Een ander noemt dat er een stuk spoor van 4,5 kilometer wordt omgelegd, dwars door de industrie heen, op hoogte met en een tweetal hele grote bruggen in een gebied wat eigenlijk vol zit.

‘’Dus creativiteit heeft een hele grote rol gespeeld om dit überhaupt op deze locatie inpasbaar te maken.’’ – Programmamanager Ruimtelijke Ordening en Milieugebruiksruimte van het Havenbedrijf Rotterdam

Daarnaast is het ontwerp zoals het uiteindelijk wordt heel anders dan het ontwerp dat ten tijde van de structuurvisie bedacht was.
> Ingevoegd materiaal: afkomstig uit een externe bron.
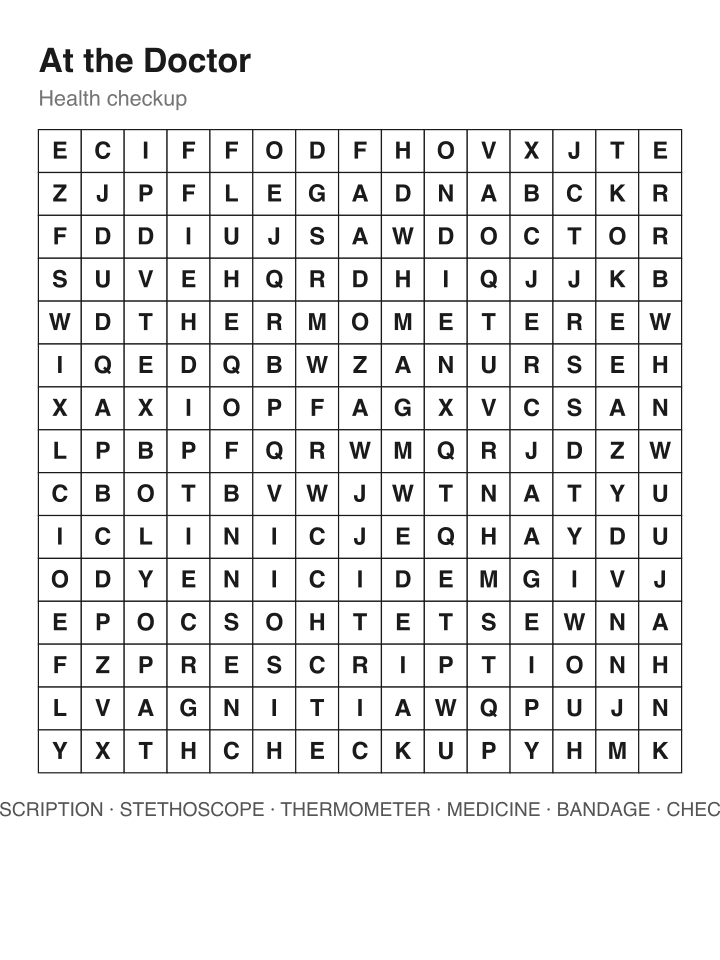 At the Doctor word search puzzle, 15 by 15 grid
Dus daar is wel beroep gedaan op de creativiteit van de ontwerpers. Er zijn heel veel onderzoeken gedaan waardoor de meest bizarre ideeën voorbij zijn gekomen.
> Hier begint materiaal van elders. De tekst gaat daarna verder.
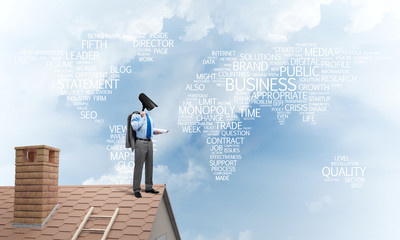 Concept of home security and privacy protection with camera headed man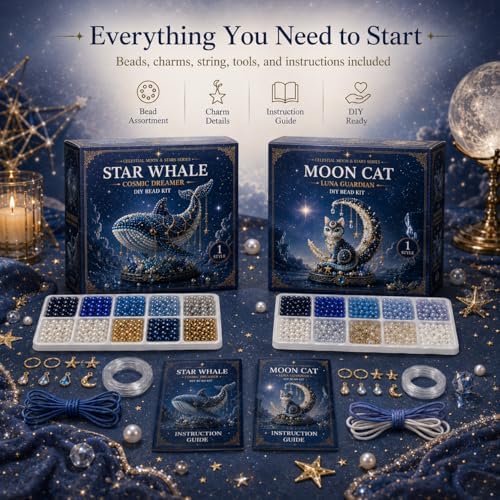 Moon Cat Luna Guardian DIY Bead Kit, Celestial Moon Stars Series, Tiny 3D Beaded Moons Cat Luna Guardian Craft Kit, Handmade Magical Cats Kit for Beginner, Home Decor (M1pc) - Image 5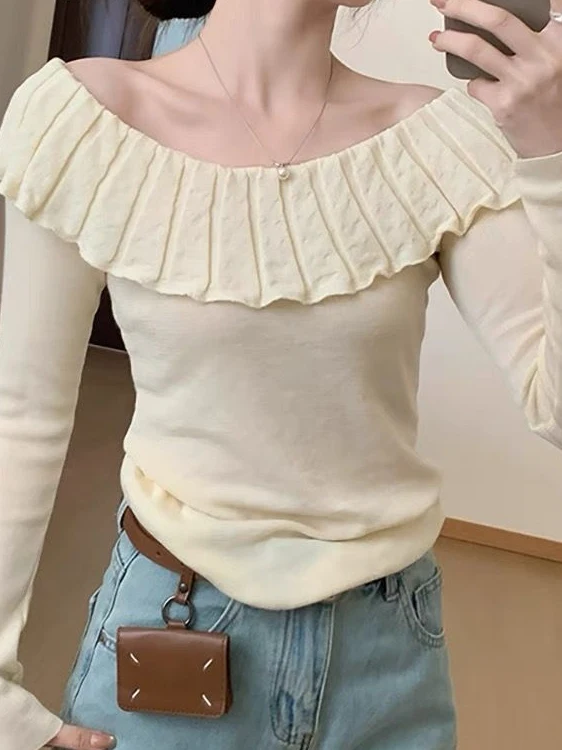 Unique Beautiful One-oulder Knitted Base irt Doll Collar Women's Spring New Sle Floral Inner Wear Casual Faion
Unique Beautiful One-oulder Knitted Base irt Doll Collar Women's Spring New Sle Floral Inner Wear Casual Faion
De senior beleidsadviseur van de MRDH vertelt dat je een infrastructuurproject op verschillende manieren op de markt kan zetten. Je kunt het ontwerp op de markt zetten en daarmee geef je de vrijheid aan marktpartijen om op basis van een functioneel programma van eisen zelf een ontwerp te maken. Op deze manier trek je marktpartijen aan om op het gebied van de uitwerking van zo’n ontwerp creativiteit in te brengen.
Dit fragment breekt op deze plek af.